Com relação a alguns possíveis candidatos à presidência, como Bolsonaro, estão sendo espalhados por várias cidades do Brasil outdoors com alusão às suas qualidades políticas, sem que, como comentado, seja feito pedido expresso de voto.

No caso, a questão ganha um complicador. Muitos outdoors são financiados por apoiadores do possível candidato. Tratar-se-ia, portanto, de apoio político, e não de propaganda eleitoral. Apoio político é ato praticado por outrem em favor de um político; propaganda eleitoral é ato praticado pelo partido ou pelo próprio candidato para conquistar o voto do eleitor.

Apesar de ser bem clara a distinção, na prática, o fenômeno pode levar a fraudes e simulações em que a propaganda ganhe disfarce de apoio. Especificamente nesse caso, do possível candidato Bolsonaro, o TSE já proferiu decisão no sentido de que não se trata de propaganda eleitoral antecipada. Como fundamento, além da distinção entre apoio e propaganda, invocou-se o fato de não ter havido pedido de voto[2].

São muitos os casos em análise pela jurisprudência atual sobre propaganda eleitoral antecipada. De modo geral, ela tem sido complacente com campanhas em que não há o pedido expresso de voto.

É certo que a campanha antecipada pode trazer desgaste, em vez de vantagem, ao candidato que larga primeiro.
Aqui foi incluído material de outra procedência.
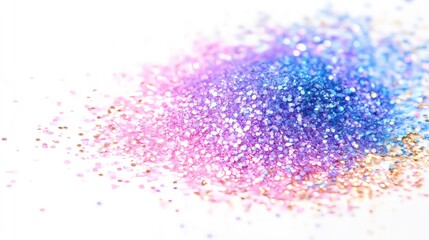 Fototapeta premium pastel color glitter scaterred isolated on white background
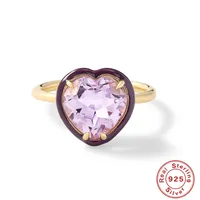 925 Sterling Silver Artificial Gemstones Heart Shape Open Ring sku image 5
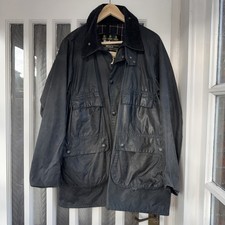 Vintage Barbour Bedale Wax Jacket Blue, Size C42 / 107cm with hood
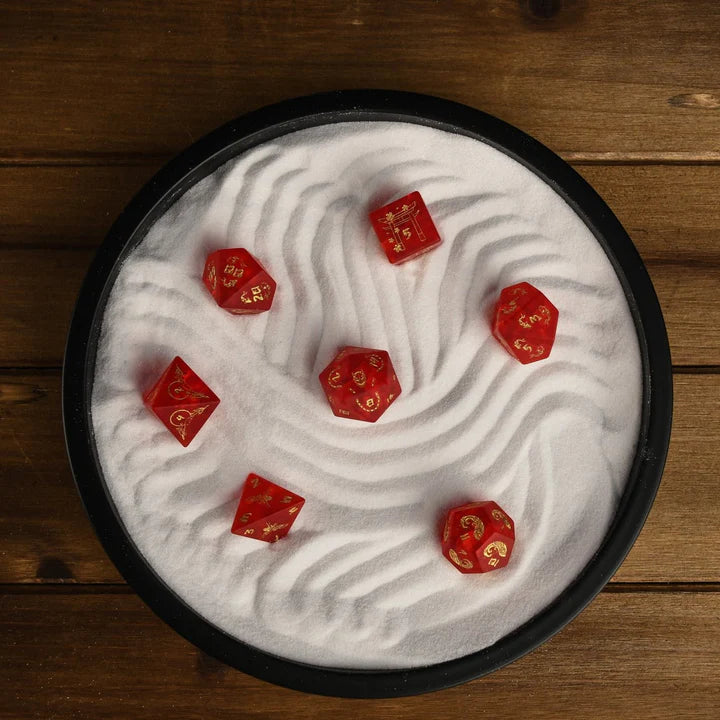 Misty Mountain - Japanese Frosted Red: Dice Around the World Collection - 7-set Glass Dice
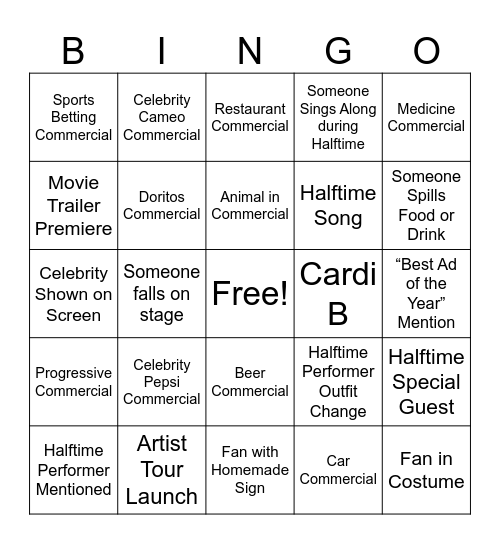 Super Bowl LX Commercial and Halftime Bingo Card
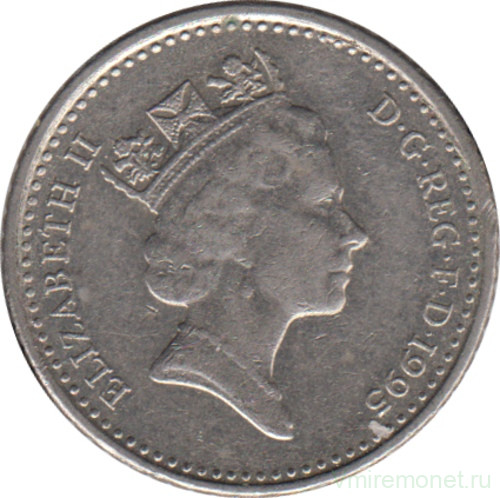 Монета. Великобритания. 5 пенсов 1995 год.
É igualmente certo que, com a diminuição do tempo de campanha promovida pela reforma eleitoral de 2016, seja razoável que os candidatos dialoguem com os eleitores antes do prazo para registro de campanha. Da mesma forma, também não deve o Poder Judiciário ignorar a vontade do legislador de flexibilizar o conceito de propaganda eleitoral.

Todavia, parece haver um excesso na complacência com alguns discursos pré-eleições, o que transforma em letra morta a ideia de vedação à propaganda eleitoral antecipada e parece ignorar o amplo poder comunicacional/comunicativo humano, além de desconsiderar que só candidatos muito tolos na artimanha política pedirão voto usando essas palavras “votem em mim”.

Assim, se, por um lado, o controle da propaganda não pode nem precisa ser excessivo, por outro, manter esse rumo tão fluido certamente permitirá que candidatos larguem em posições desiguais (para o bem ou para o mal), e tornará, de certa forma, inútil o conceito de propaganda eleitoral antecipada, num cenário em que se conhecem minimamente as malícias da comunicação.

A exigência de “expresso” e “explícito” relativamente ao ato humano comunicativo requer a consideração das possíveis sutilezas do diálogo. É de esperar, portanto, uma análise mais crítica nos julgados, além da mera busca por palavras expressas.

Mesmo que o TSE permaneça complacente, o tempo certamente revelará que, mantido esse entendimento, a noção de propaganda eleitoral antecipada será desnecessária. A legislação poderá até chegar a esse ponto, mas, enquanto tivermos uma norma que pretende sancionar a propaganda eleitoral antecipada, ela deve ter algum resultado prático, considerando as complexidades da conduta humana.


[1] WITTGENSTEIN, Ludwig. Investigações filosóficas. Tradução de José Carlos Bruni. São Paulo. Nova Cultural, 2000. p. 74.